The level of "de-SPAC" activity is like bait in the water for investors looking for engagement opportunities, according to Sidley Austin. Shareholder activism against public companies remains elevated relative to historical levels. But activists have been forced to look for opportunities beyond their traditional stomping grounds due to increased competition within the asset class and a decline in the number of public companies. More than 400 special purpose acquisition companies now exist in the public markets that are still looking for merger deals. A de-SPAC is the culmination of the process when the newly combined company becomes a publicly traded entity. Within two years, more than 10% of all public companies in the U.S. could go public through a de-SPAC. Nathan Anderson, founder of Hindenberg Research, predicts, "[SPACs] taken public in 2020-2021 will be a key source of short ideas for the next decade."
Shareholder activism appears to be on the rise in India.

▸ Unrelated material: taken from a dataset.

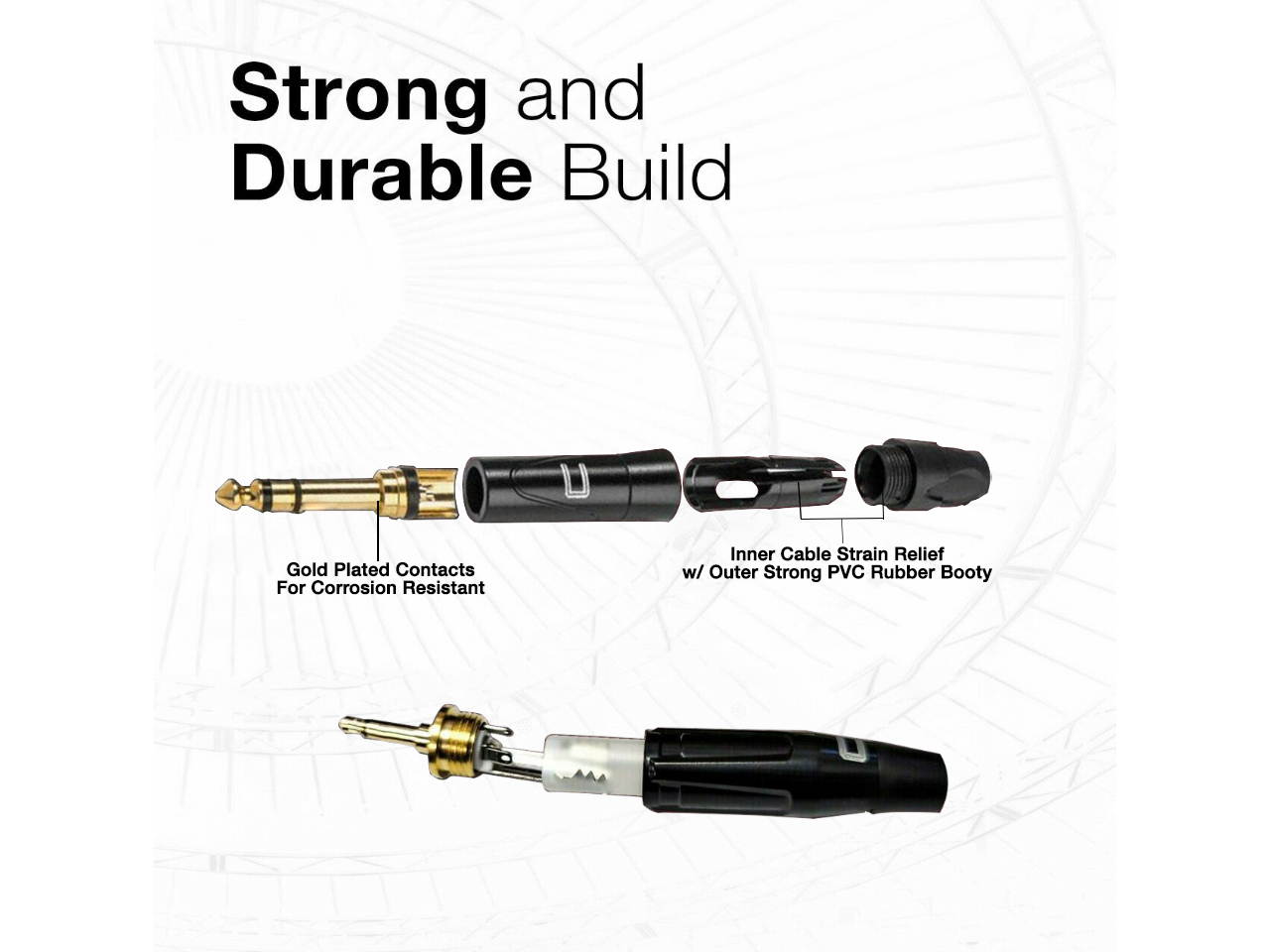 1/4" TRS Male to 3.5mm TS Unbalanced Cable - Custom Length, Color Mono Connector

Recent events include shareholders of Kinetic Engineering Ltd. rejecting the company's proposal to boost managing director Ajinkya A. Firodia's remuneration, shareholders at Balaji Telefilms rejecting proposed pay increasing for two members of the company's promoter group, and shareholders at Eicher Motors Ltd. rejecting Siddhartha Lal's reappointment as managing director. Shareholders also recently voted against remuneration proposals for the chairmen of Balkrishna Industries Ltd., Hero MotoCorp Ltd., and Bajaj Auto Ltd. Meanwhile, on Sept. 11, Invesco Developing Markets Fund and OFI Global China Fund had requested that the board of Zee Entertainment Enterprises convene an extraordinary general meeting to elect six of their nominees and proposed the removal of CEO and managing director Punit Goenka and two other directors from the board, which resulted in the resignation of directors Manish Chokhani and Ashok Kurien. Further, the California State Teachers Retirement System, based on recommendations from Glass Lewis, will vote against the appointment of Yasir Al-Rumayyan, chairman of Saudi oil producer Aramco and the governor of that country's sovereign wealth fund, as an independent director on the board of Reliance Industries. Observers say Indian companies need to prepare for a more transparent future with higher corporate governance standards.